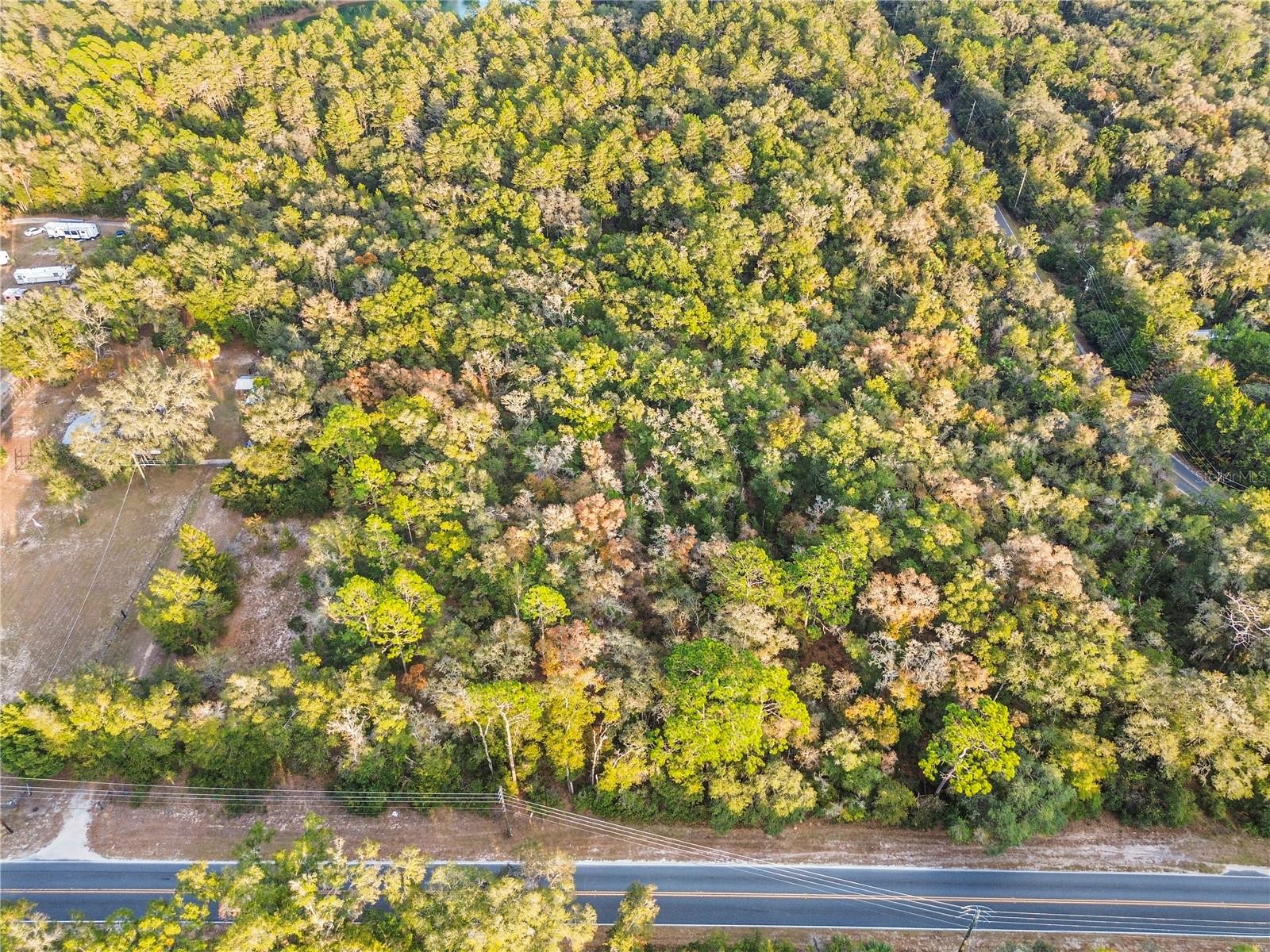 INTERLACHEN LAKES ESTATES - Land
--
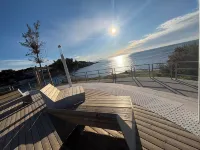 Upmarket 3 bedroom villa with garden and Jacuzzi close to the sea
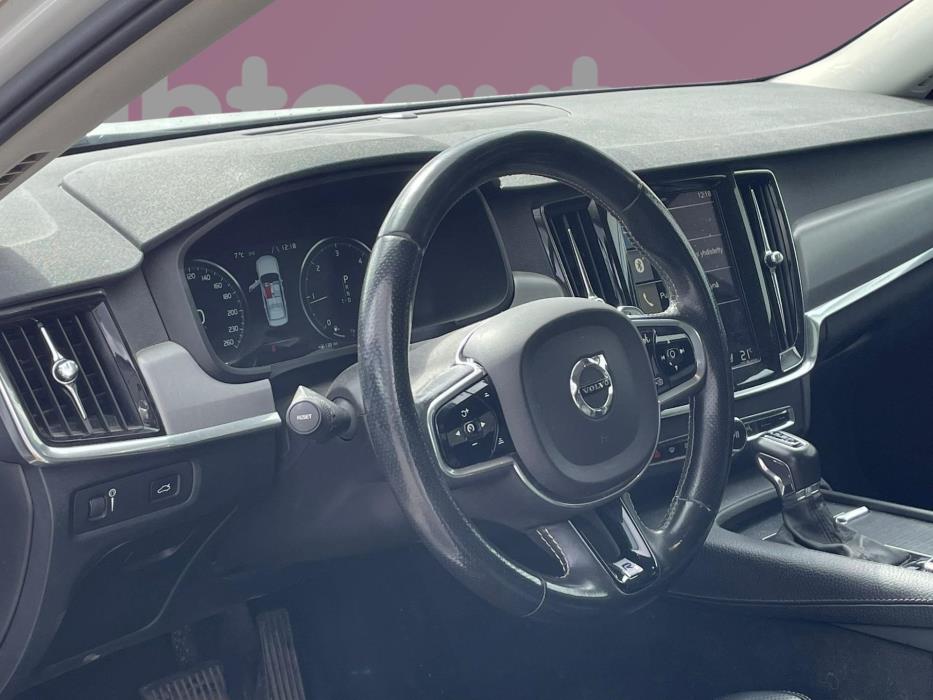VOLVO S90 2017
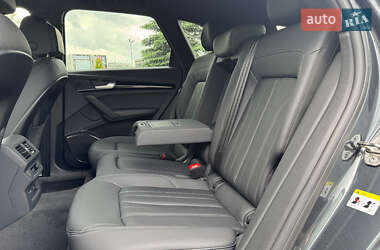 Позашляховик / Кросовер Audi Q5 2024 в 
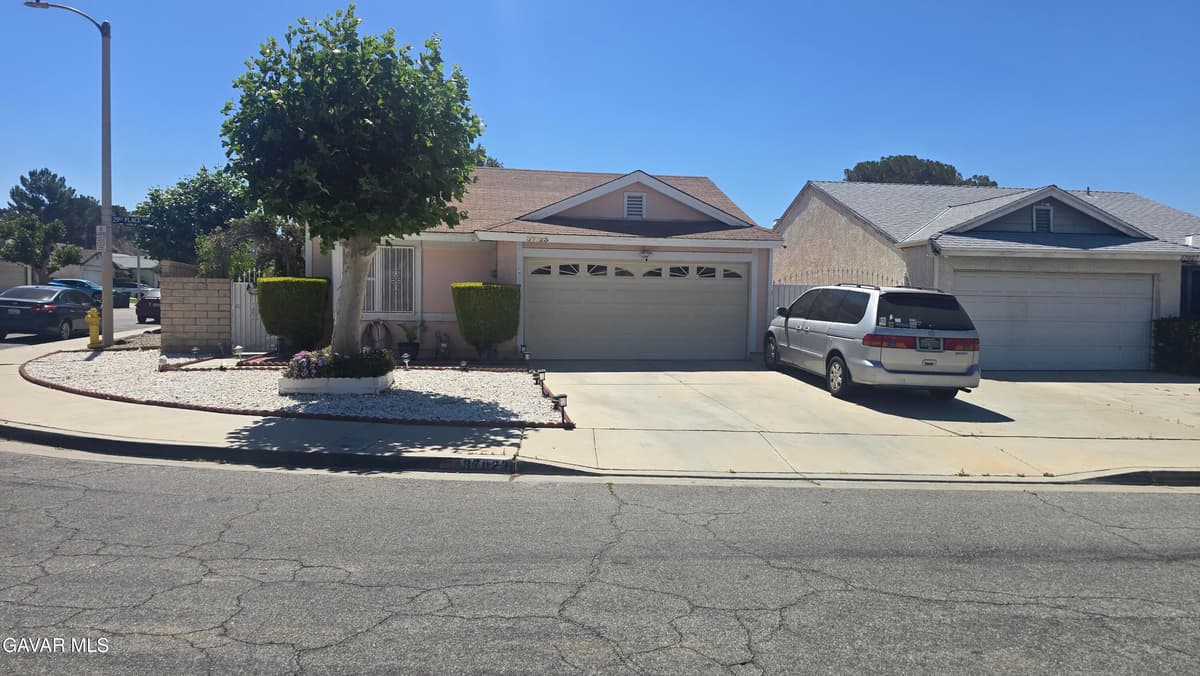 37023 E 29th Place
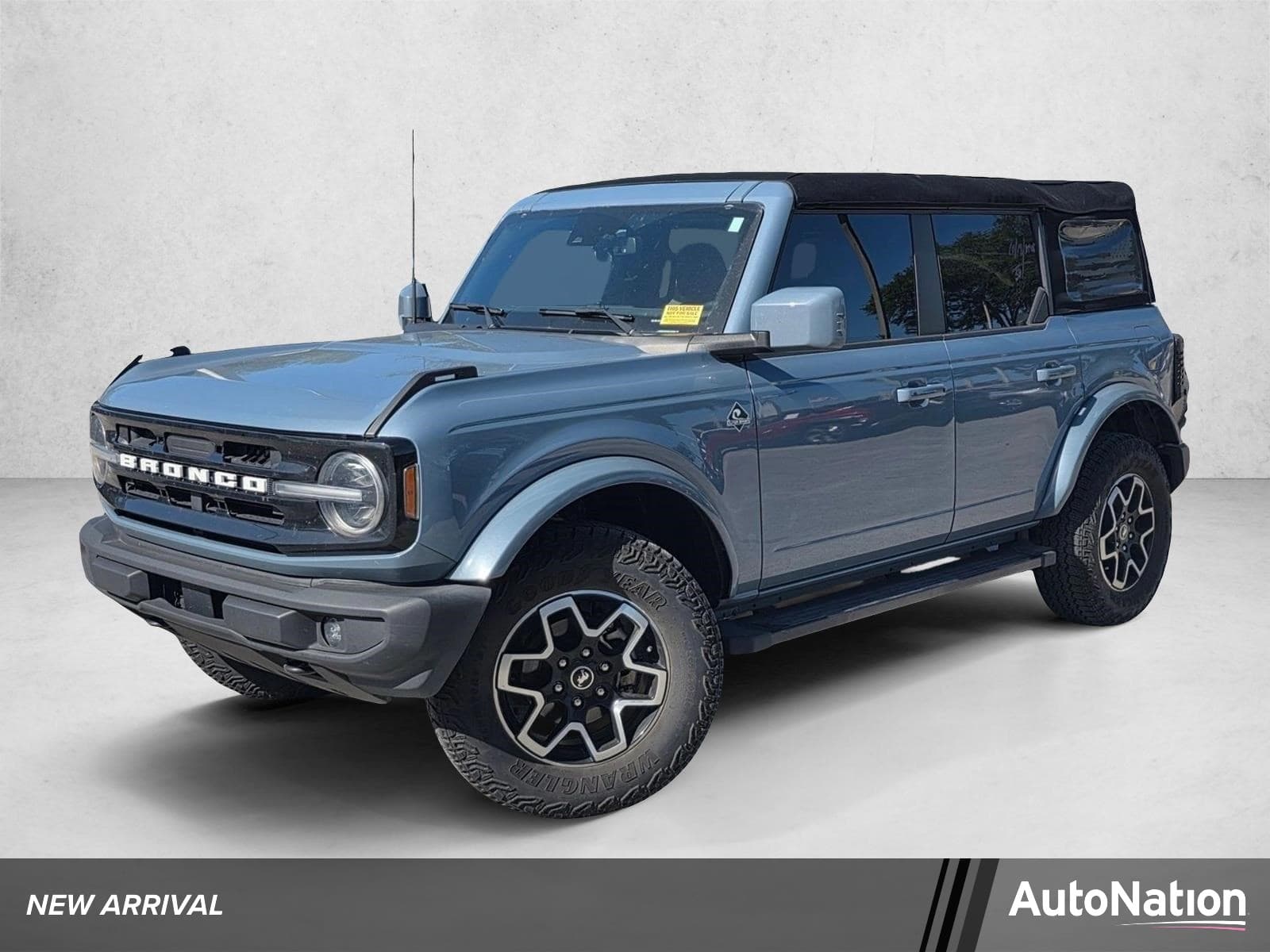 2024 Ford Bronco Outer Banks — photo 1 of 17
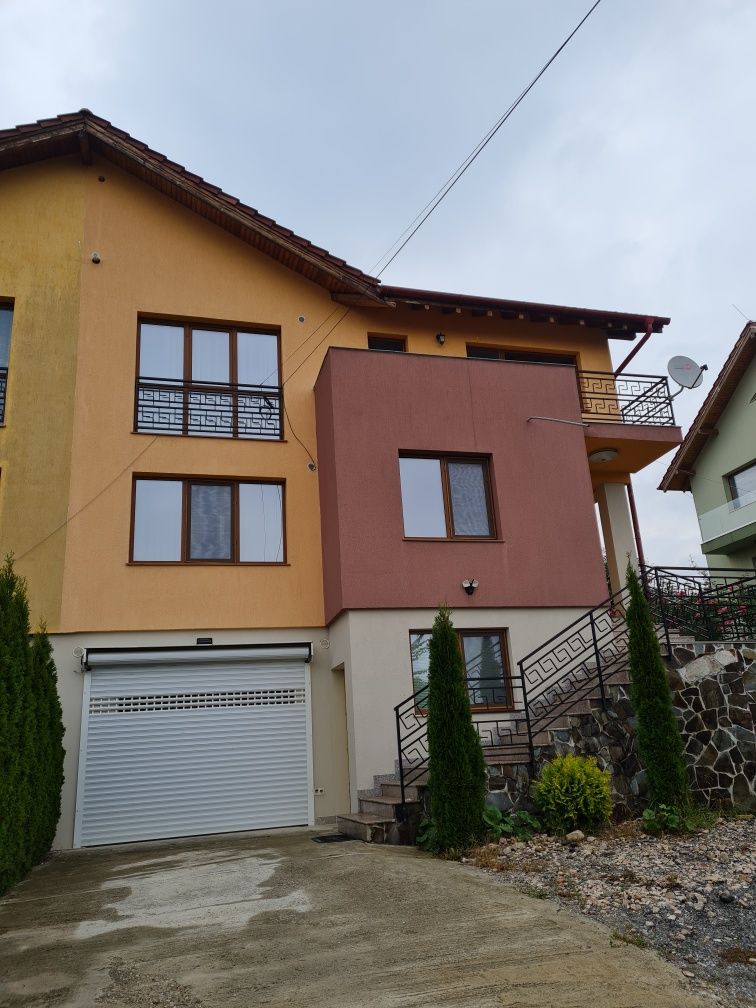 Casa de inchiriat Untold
--
◆ What to produce: Using the entries above, write out exactly the lines from the one with "2024 Ford Bronco Outer Banks — photo 1 of 17" through the one with "Casa de inchiriat Untold", ends included. Leave out any pictures.

◆ Answer to this task:
 2024 Ford Bronco Outer Banks — photo 1 of 17
 Casa de inchiriat Untold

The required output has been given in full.